El Negro de la Riba
Es un mascarón de proa, de eso no cabe duda: por la forma de la figura, inclinada hacia adelante, como sorbiendo los vientos, el pecho abombado, la pierna izquierda flexionada, el brazo -el único que tiene- echado ligeramente atrás, y por el lugar en que se halla, la calle de Andrea Dòria de la Barceloneta, junto a la plaza del mercado. Ningún cartel informa de quién es ni qué hace allí, pero uno tiene fuentes por la zona: Vicenç Forner, que es la Òstia en persona (con este nombre se conoce también al barrio). "Es el Negro de la Riba", contesta rápido Vicenç, y me cita en un taller de la calle de Pescadors, llamado Constructors de Fantasies. Esto promete.
David García y Óscar Pérez construyen fantasías en forma de gigantes, dragones y utillería teatral en general. Fueron ellos quienes en 2003, con motivo del 250º aniversario del barrio, colgaron allí al Negro. Se trata de una copia -"en fibra de vidrio, más resistente"- del mascarón que, desde 1934, forma parte de la colección del Museo Marítimo y que tiene tras de sí una larga y curiosa peripecia, recopilada por el historiador Francesc Carreras Candi. Resumida, es la siguiente.

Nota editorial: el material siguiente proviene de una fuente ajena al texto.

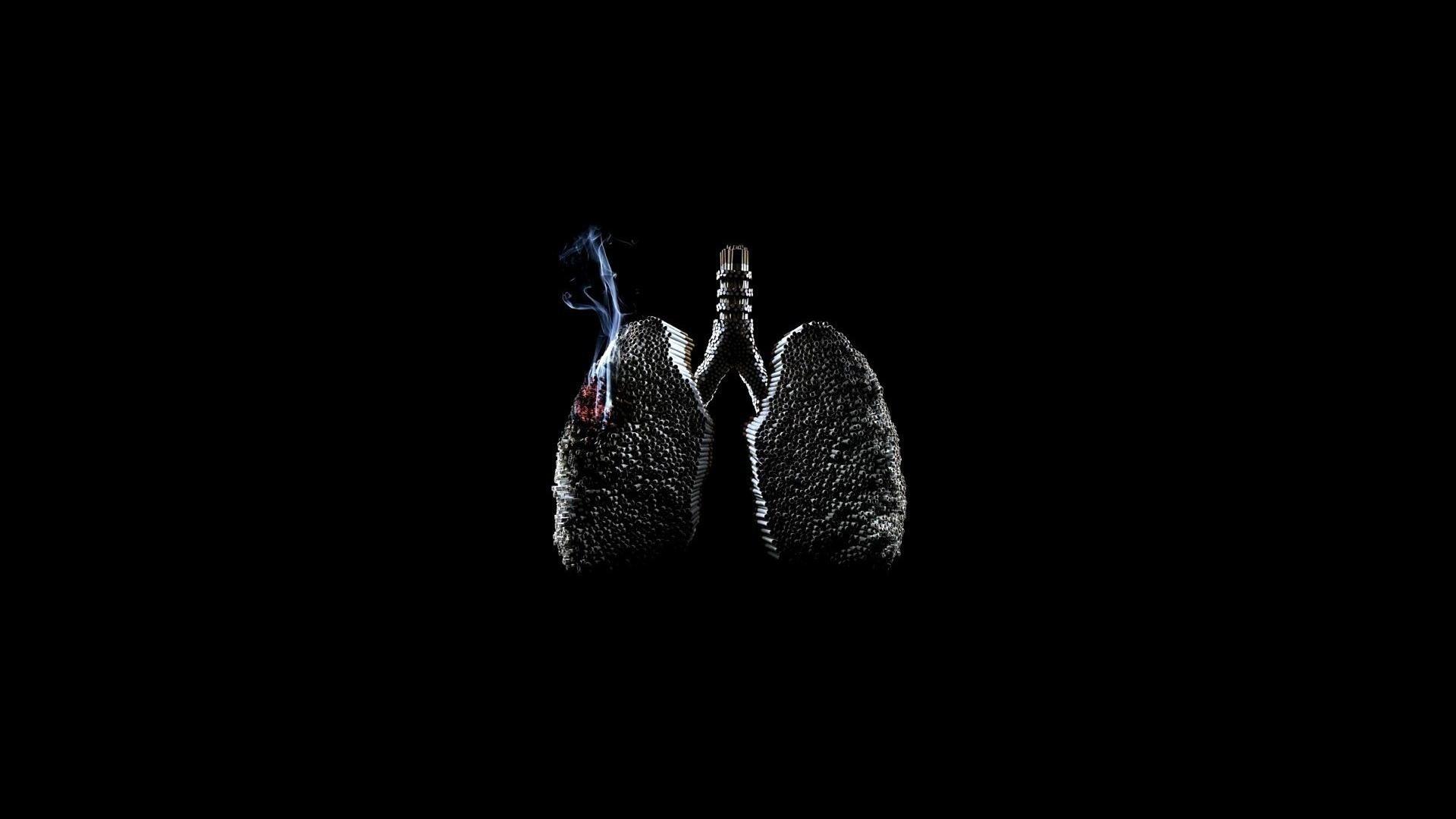 1920x1080 Ironic Wallpaper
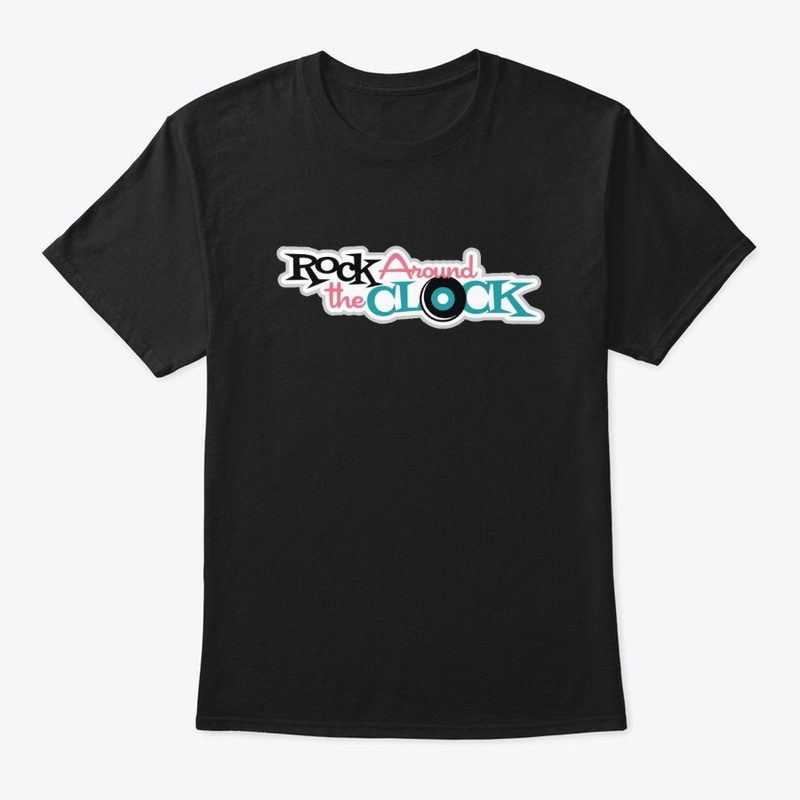 Rock around the Clock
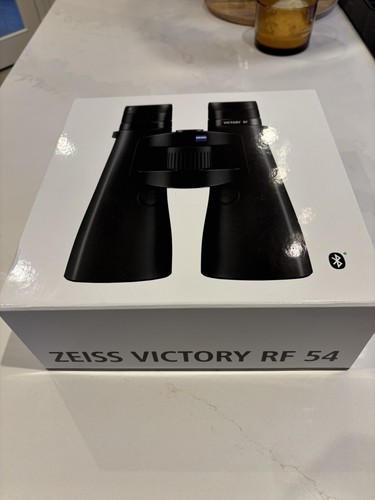 Zeiss victory 10x54 - zeiss,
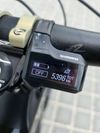 Elektrokolo YT Industries Decoy CF Pro Carbon 29″ velikost XL (L)
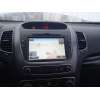 kia sorento ii (xm) del año 2014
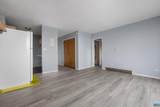 1800 Jefferson Park Ave - Photo 10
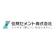 ライフネット生命保険株式会社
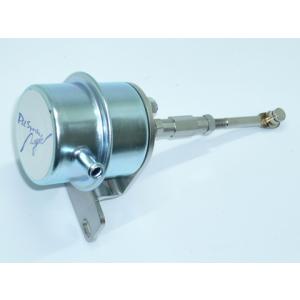 パルスポーツ Pal」ジムニー（JB23W）K6A/5型〜用強化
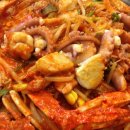 청계산주유소 이미지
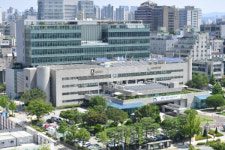 수원시, 친환경자동차 구매하는 시민에게 보조금 지원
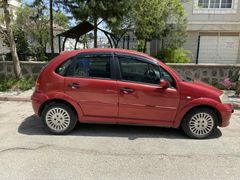 Sahibinden Citroen C3 1.4 HDi SX 2004 Model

La figura procede del desguace de un bergantín que al parecer ardió en el puerto a mediados del siglo XIX. Entre 1860 y 1870 estuvo colocada en la fachada de una puda -figón: Permanyer aventura que el nombre de estos almacenes portuarios se debe al mal olor que desprendían- del Muelle de Levante, donde se hizo muy popular: funcionaba como el coco para los niños poco formales y fue citado por Pitarra en una parodia de la ópera La africana datada en 1866. La puda en cuestión perteneció al botero Francisco Bonjoch, quien la legó a sus herederos, los cuales siguieron exhibiendo al Negro en los sucesivos locales que regentaron -uno de ellos, en el paseo del Cementerio, hoy avenida de Icària-, hasta que en 1887 fue adquirido por un comerciante en vinos que lo instaló en su almacén de la calle de Castillejos. En 1900 un nuevo cambio de manos lo llevó a la industria de José Moragas, donde gozó del privilegio de una hornacina construida ad hoc, pero de allí emprendió un penoso exilio lejos del mar que lo condujo hasta el Carmel, donde Moragas se había hecho contruir a la sazón una torre en cuya fachada fue colocada la imagen sobre el epígrafe "El renombrado Negro de la Riba". ¡Pobre Negro, convertido en atracción de feria de tierra adentro!
El penúltimo episodio de la figura lo escribieron los sucesores de Moragas, los cuales lo cedieron al Museo Marítimo, donde fue restaurado en 1996, y el último, por ahora, los dos socios de Constructors de Fantasies con la copia instalada en la calle de Andrea Dòria, que en alguna ocasión, por Carnaval o por la fiesta mayor, ha desfilado por las calles de la Òstia.
Por cierto, el Negro no es negro, por más que su rostro chamuscado indujera a confundirlo durante años con un primo del bechuana de Banyoles. Es un indio americano, un iroqués, según el detallado estudio realizado por el Museo Marítimo. Se le reconoce por el peinado en cresta, las botas de piel de reno y el carcaj cruzado a la espalda. Otros elementos de la indumentaria denotan sin embargo cierta contaminación de la moda occidental: el blusón ancho, propio de los colonos, el cinturón de hebilla y la pequeña hacha al cinto, a la que muy poco le queda del orgullo del tomahawk. El informe del museo aventura que tal vez el mascarón procediera de un bergantín-goleta llamado Indio, construido por el armador José Vieta en Blanes, en 1849. Una bella hipótesis, sin duda. Pero la historia popular ha convertido ya para siempre al indio en negro y le ha encomendado la misión, políticamente poco correcta, de llevarse consigo a los niños desobedientes. Personalmente, le prefiero con mucho al hombre del saco.